* Task: Print exactly the line that contains "Some grandmas knit" along with every line beneath it to the end of the records below, and omit pictures.

* Available data:
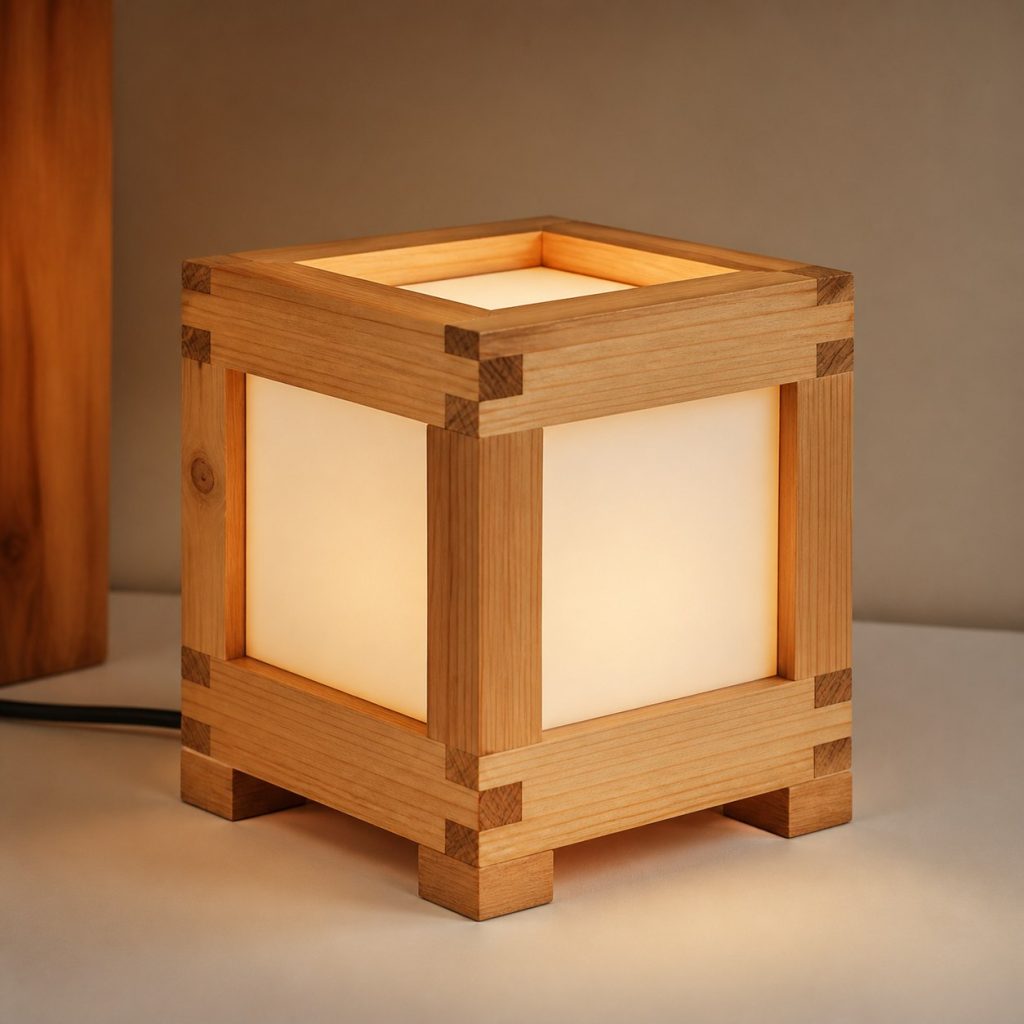 Cypress Box-Jointed Cube Lamp shown as an original square photorealistic cypress wood lamp with authentic grain, warm diffused light, and a short dark power cord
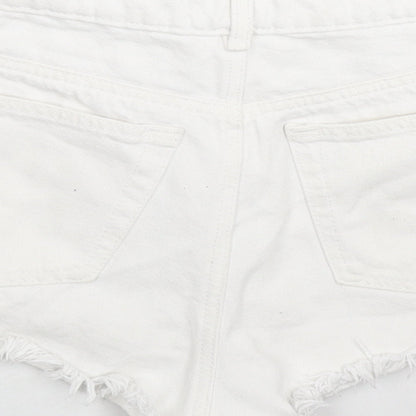 Denim & Co. Womens White Cotton Cut-Off Shorts Size 8 L3 in Regular Zip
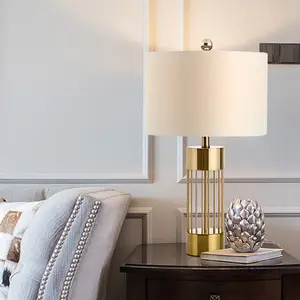 简约北欧现代创意白色面料台灯金色成品时尚餐厅卧室铁台灯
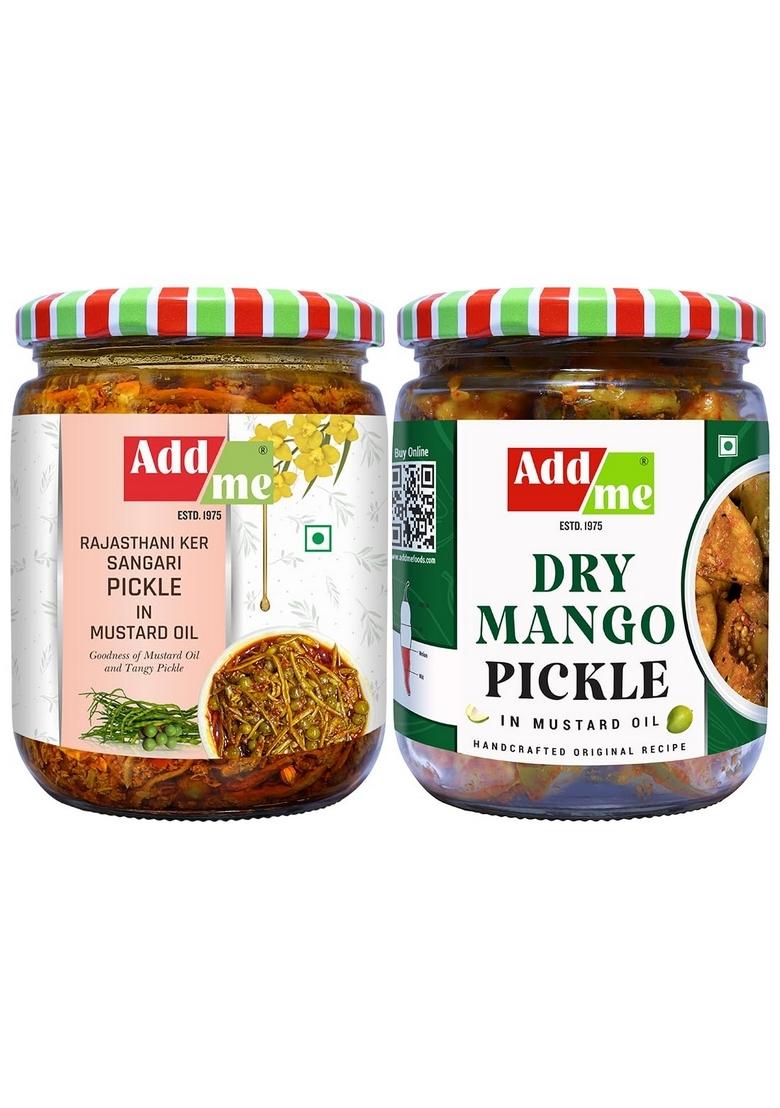 Add Me Rajasthani Masala Ker Sangri Pickle Dry Mango Sukha Aam Ka Achar 500G Each Panchkuta Pickles Achaar Glass Pack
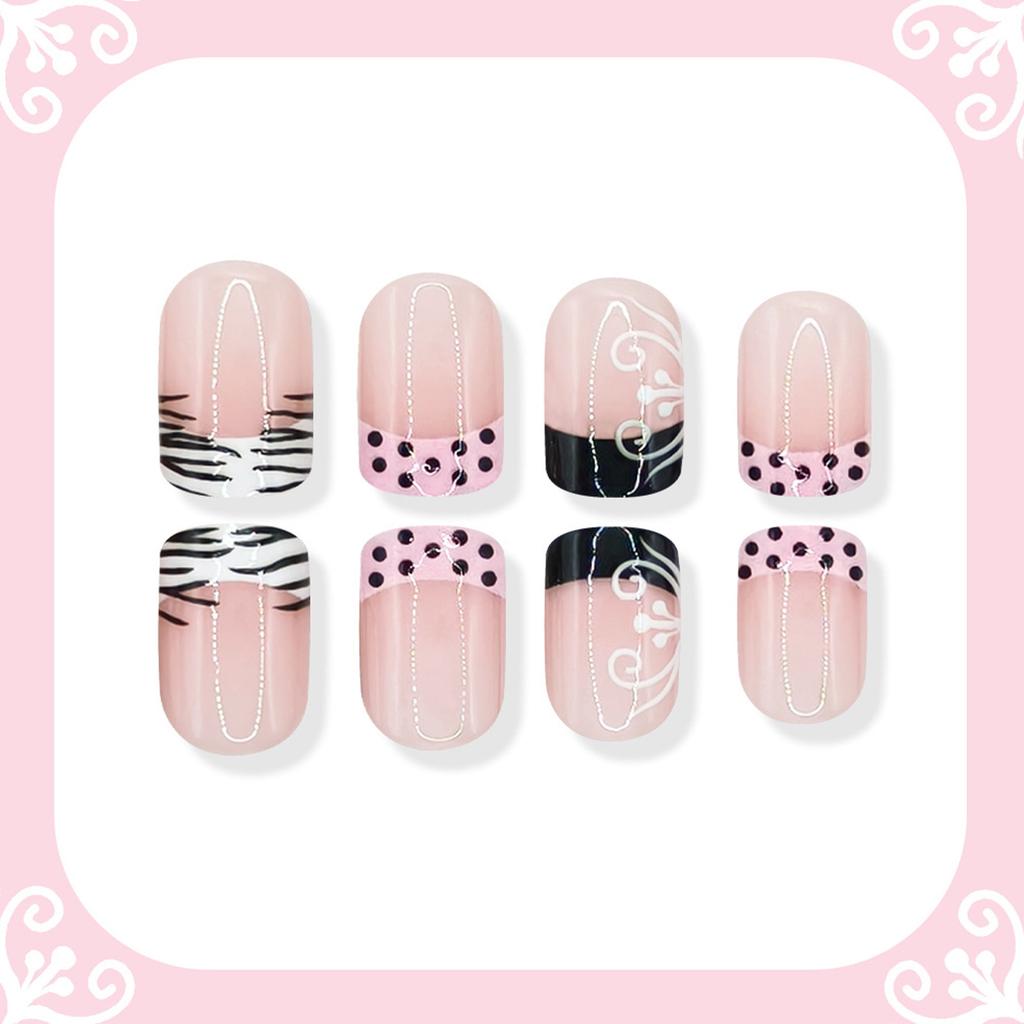 Easy To Wear False Nail Featuring Curved Dot Geometric Design In Pink Brown Tints For Everyday Charm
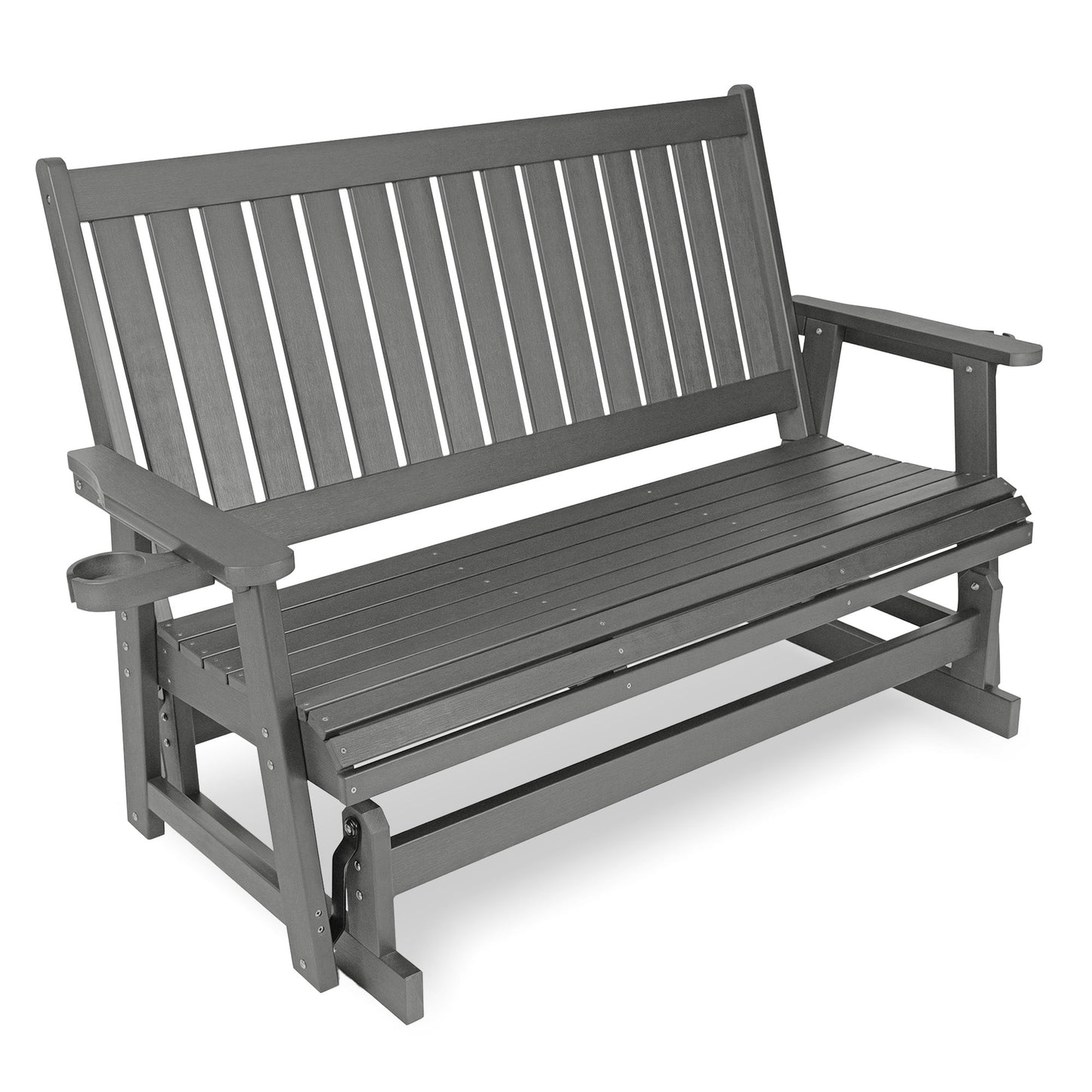 HIPS Patio Glider with Cup Holders, Durable Poly Lumber Material, All-Weather Resistant, High Backrest and Deep Contoured Seat, Heavy Duty 900 LB, for Outdoor, Porch, Patio (Gray, 3-Seat)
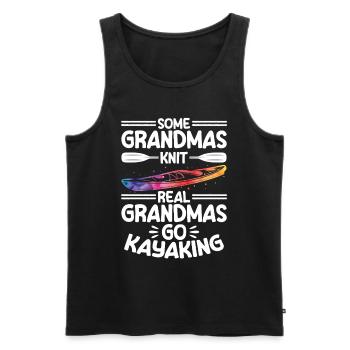Some grandmas knit real grandmas go kayaking - Männer Premium Bio Tank Top - Schwarz - Vorne - Michal (187cm)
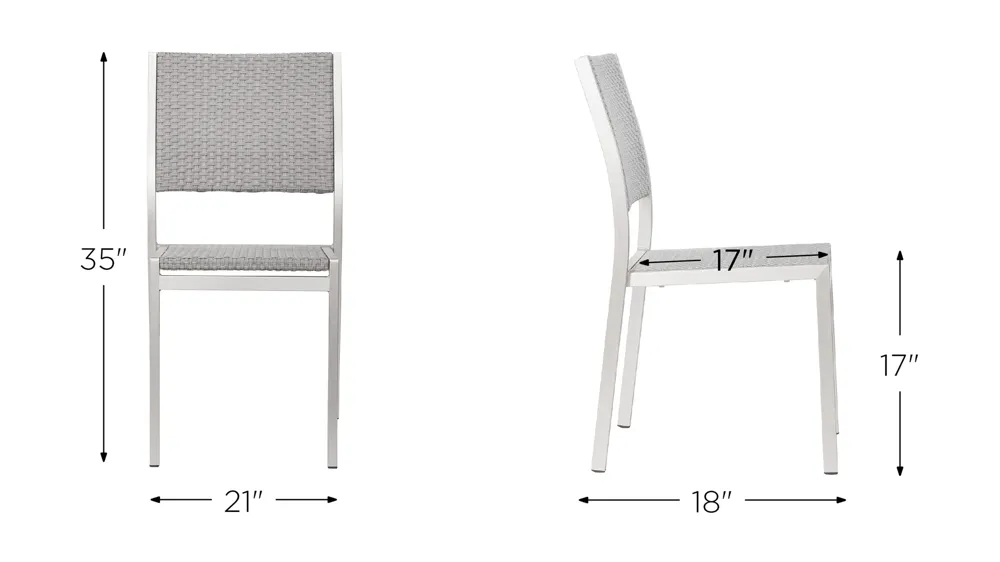 Marlin Outdoor Armless Chair - Set of 2 Dimensions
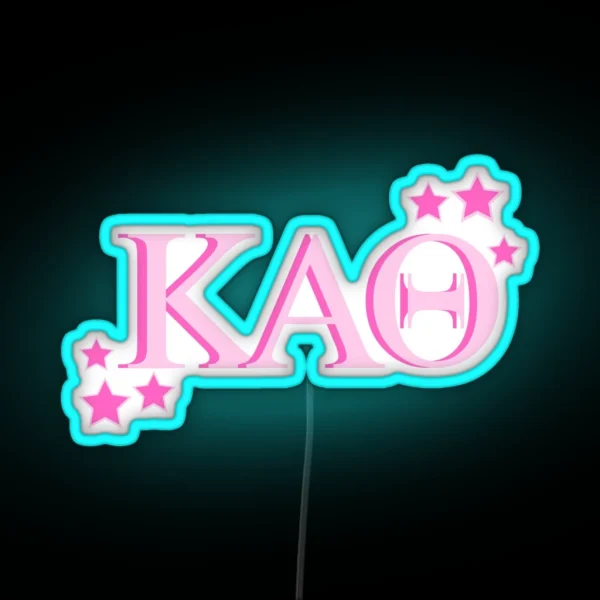 Pink Kappa Alpha Theta With Stars RGB Neon Sign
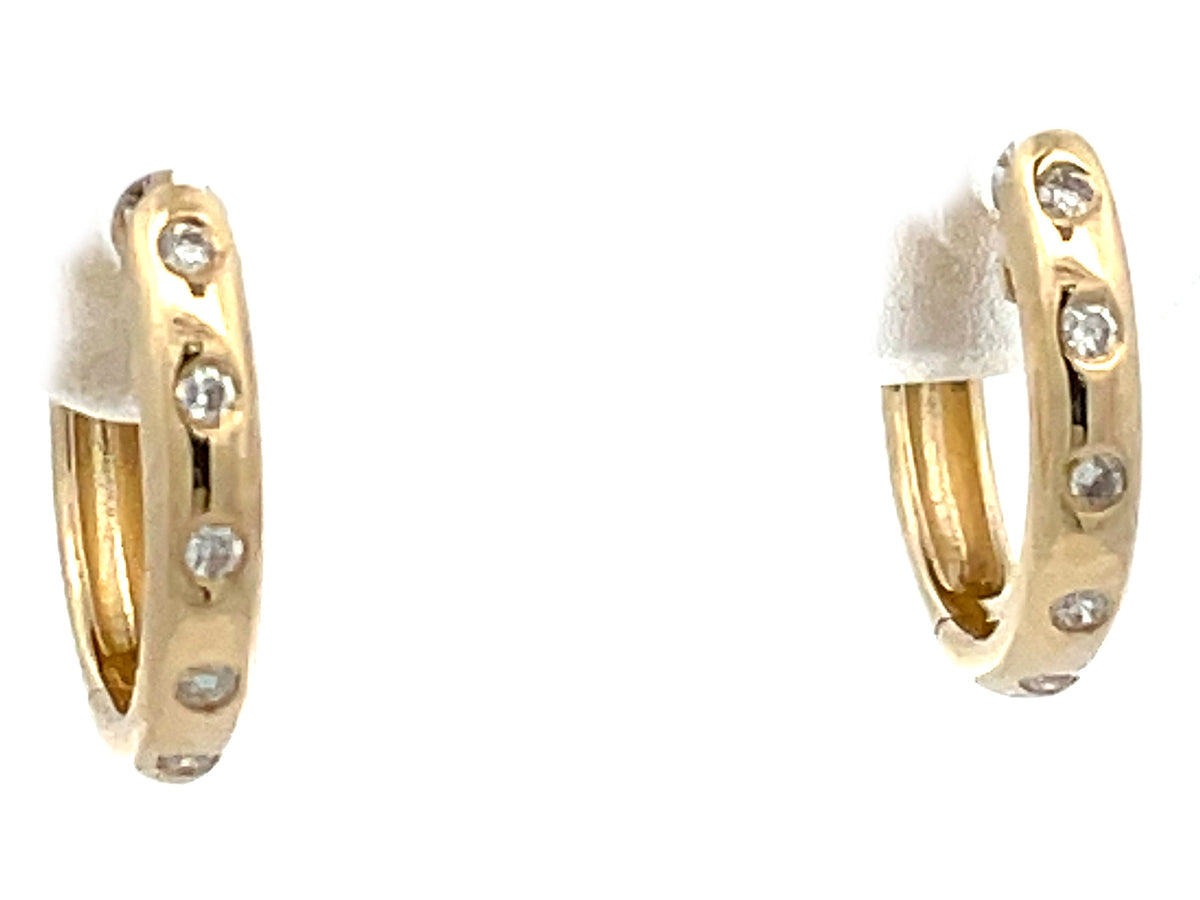 DIAMOND BURNISH SET ROUND HUGGY EARRING, 13MM, HIGH POLISH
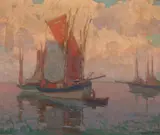 Edgar Alwin Payne, At anchor, tuna boats, Brittany, France, oil on canvas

* Reply to the exercise:
Some grandmas knit real grandmas go kayaking - Männer Premium Bio Tank Top - Schwarz - Vorne - Michal (187cm)
 Marlin Outdoor Armless Chair - Set of 2 Dimensions
 Pink Kappa Alpha Theta With Stars RGB Neon Sign
 DIAMOND BURNISH SET ROUND HUGGY EARRING, 13MM, HIGH POLISH
 Edgar Alwin Payne, At anchor, tuna boats, Brittany, France, oil on canvas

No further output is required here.